Without any pictures, reproduce exactly the lines running from the line containing "Clapeta simpla antracit, montaj" through the end of the entries.

> [Excerpts from a dataset]:
- - - -
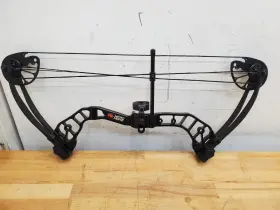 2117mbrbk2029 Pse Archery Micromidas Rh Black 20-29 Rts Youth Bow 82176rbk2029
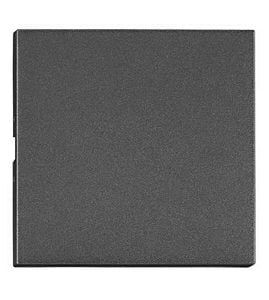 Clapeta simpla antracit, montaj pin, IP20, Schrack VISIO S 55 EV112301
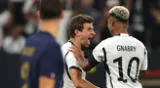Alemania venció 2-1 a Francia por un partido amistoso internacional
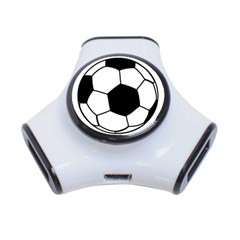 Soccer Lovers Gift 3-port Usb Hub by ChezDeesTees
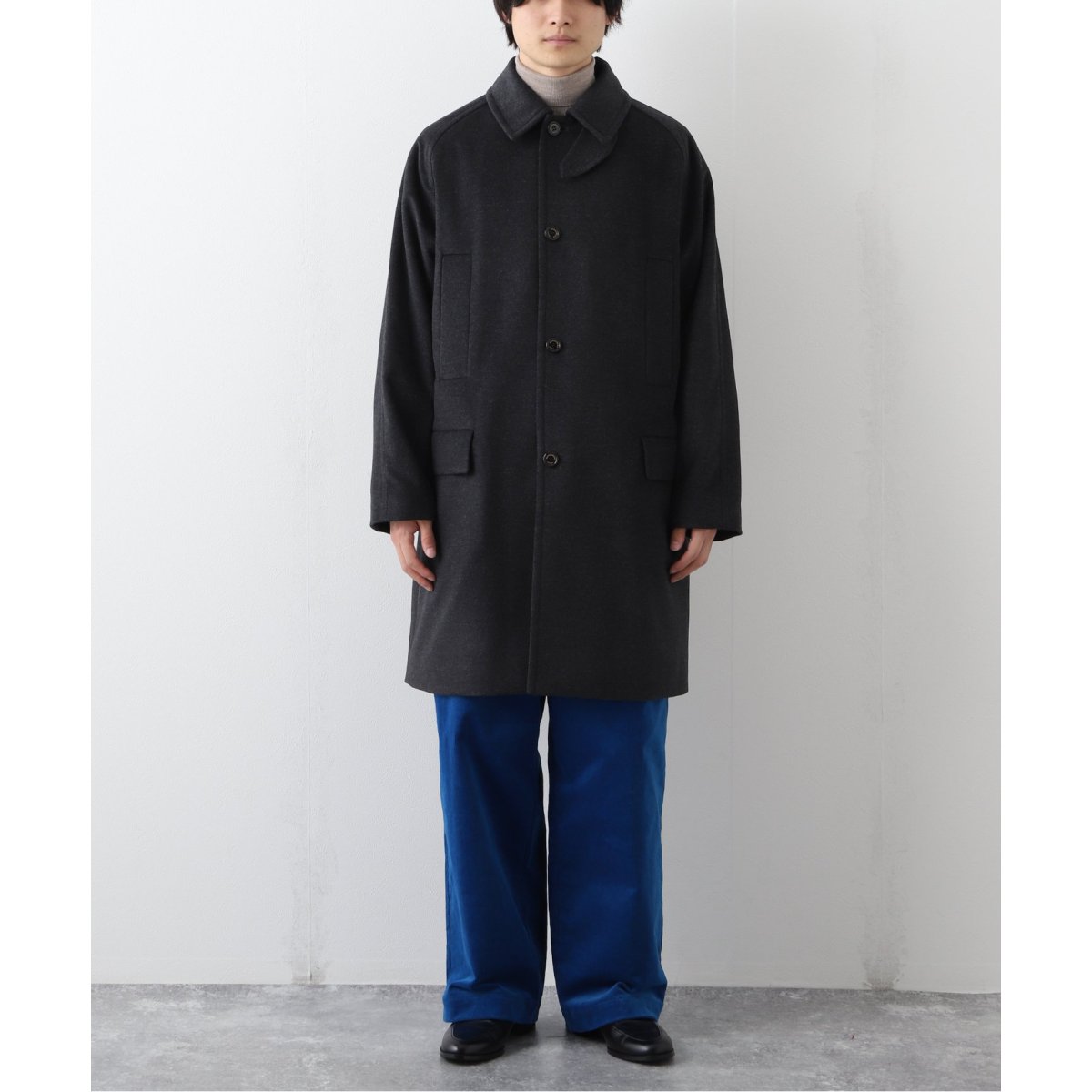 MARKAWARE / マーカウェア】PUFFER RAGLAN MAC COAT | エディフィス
- - - -
> [Solved exercise]:
 Clapeta simpla antracit, montaj pin, IP20, Schrack VISIO S 55 EV112301
Alemania venció 2-1 a Francia por un partido amistoso internacional
 Soccer Lovers Gift 3-port Usb Hub by ChezDeesTees
 MARKAWARE / マーカウェア】PUFFER RAGLAN MAC COAT | エディフィス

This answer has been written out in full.